The 2021-2024 period shows decline from the 2020 peak but elevated activity relative to pre-pandemic baselines. The 20 notices in 2022 and 22 in 2024 suggest that the pandemic's disruptions created lasting restructuring effects rather than temporary disruption. Companies used pandemic periods to accelerate automation, consolidate operations, and permanently reduce certain job categories.

Local Economic Impact: What Layoff Patterns Signal for Franklin County's Future

The accumulated evidence of 461 WARN notices over three decades reveals a Franklin County economy undergoing difficult structural transformation. The dominance of retail, transportation, and traditional logistics—sectors experiencing long-term secular decline—indicates that Franklin County has not successfully diversified its employment base toward growing sectors.

Columbus has invested substantially in technology sector development, life sciences research, and business services growth. Yet the continued high frequency of retail and logistics layoffs suggests these transformation efforts have not sufficiently offset traditional sector decline. The county's WARN notice profile looks more like a Midwestern city dependent on manufacturing and distribution than a modernizing metropolitan area developing advanced services and technology capacity.

The geographic concentration of layoffs in Columbus creates disproportionate impact on the city's lower-income neighborhoods, which cluster in core urban areas where retail, hospitality, and warehouse employment has historically provided entry-level opportunities. Repeated layoff waves in these sectors eliminate the economic mobility pathways that previous generations utilized.

The 2020 pandemic's dramatic disruption warrants particular attention regarding long-term implications.
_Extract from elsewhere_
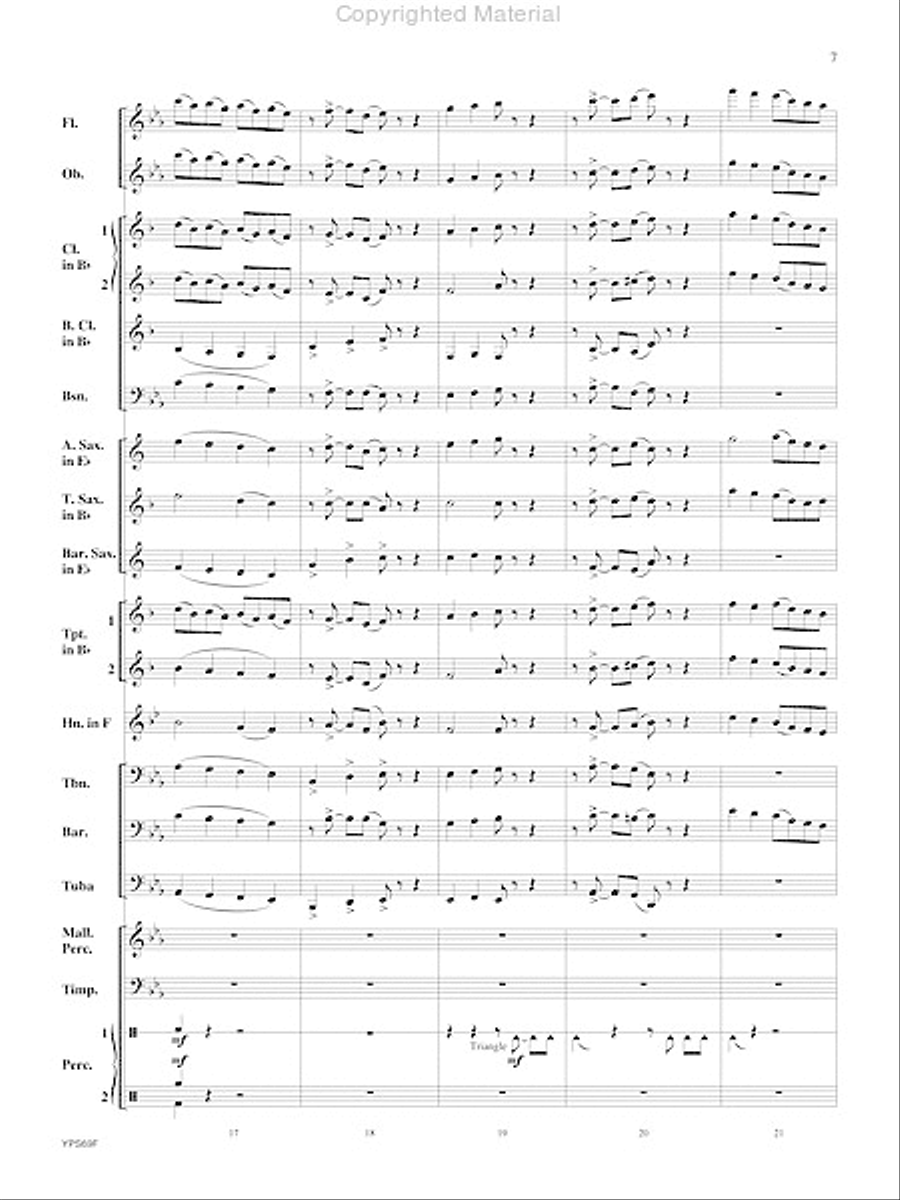 Will Drum for Food Will Drum for Food Concert Band scores gallery preview page 8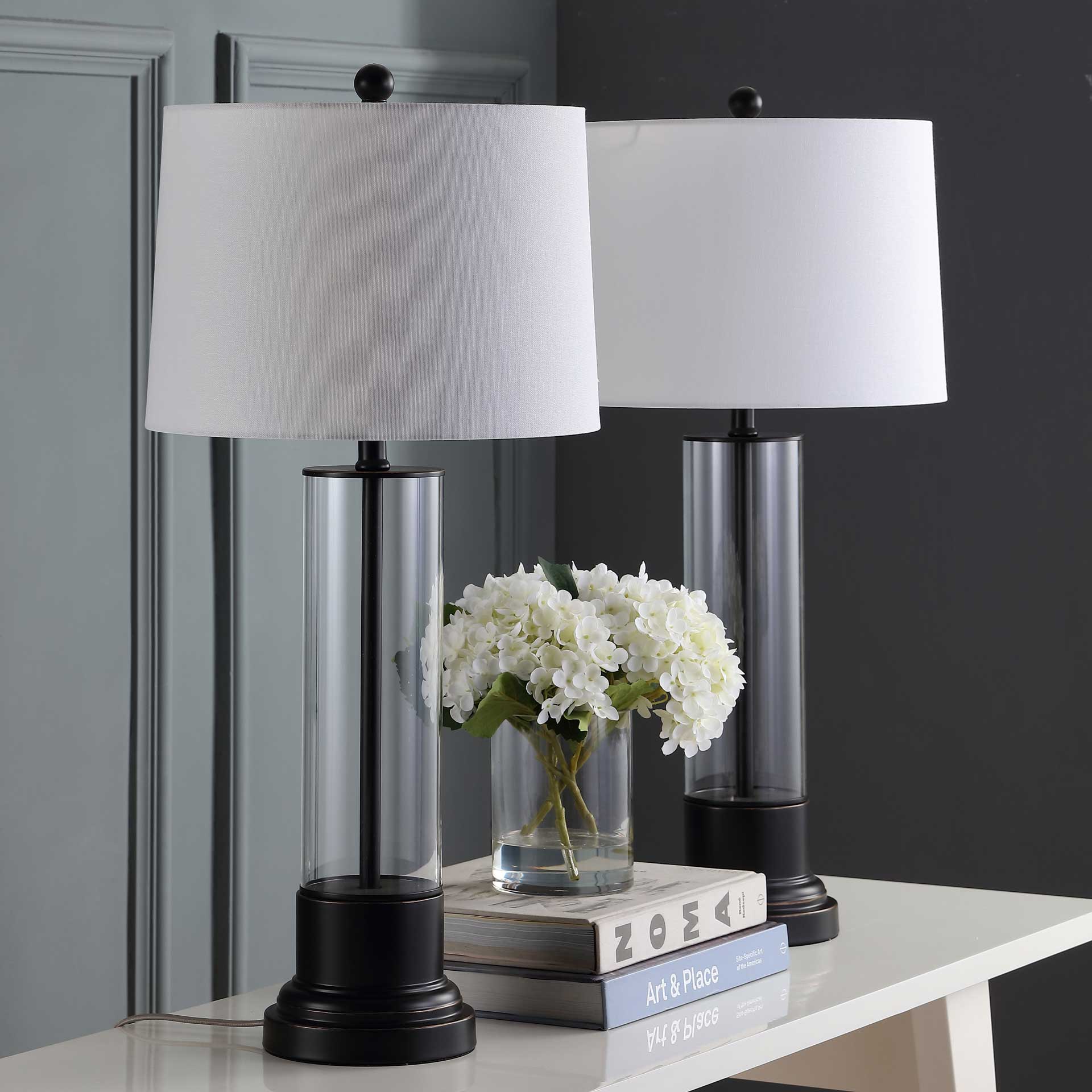 Jaxon Table Lamp Black/Clear (Set of 2) - Image 3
While some hospitality and retail employment recovered post-2021, the notices filed in 2022-2024 suggest companies implemented permanent reductions and automation accelerations that pre-pandemic trends had not yet achieved. Restaurants, hotels, and retailers adopted contactless ordering, self-checkout, and reduced dining capacity—changes that may have permanently eliminated certain job categories.

For economic development purposes, Franklin County's layoff patterns signal several imperatives. First, continued over-reliance on retail and logistics creates systemic vulnerability. These sectors will continue structural contraction as e-commerce and automation progress. Second, healthcare and professional services, while experiencing their own disruptions, represent relatively more stable employment anchors than retail or transportation. Third, technology and advanced manufacturing sectors—which generated fewer WARN notices relative to their growth potential—require expanded investment and workforce development support.

The county's ability to navigate future disruptions depends substantially on successfully transitioning workers from declining sectors into growth sectors. However, this transition requires not merely job availability in growing sectors but explicit workforce development programs addressing skill gaps between displaced retail and logistics workers and the requirements of technology, healthcare, and advanced services employment.

Franklin County's WARN notice history is ultimately the story of an economy that has not kept pace with structural change. The solution lies not in preventing the layoffs themselves—which reflect legitimate market forces—but in accelerating the development of replacement employment in growth sectors and ensuring that displaced workers possess pathways to economic reintegration.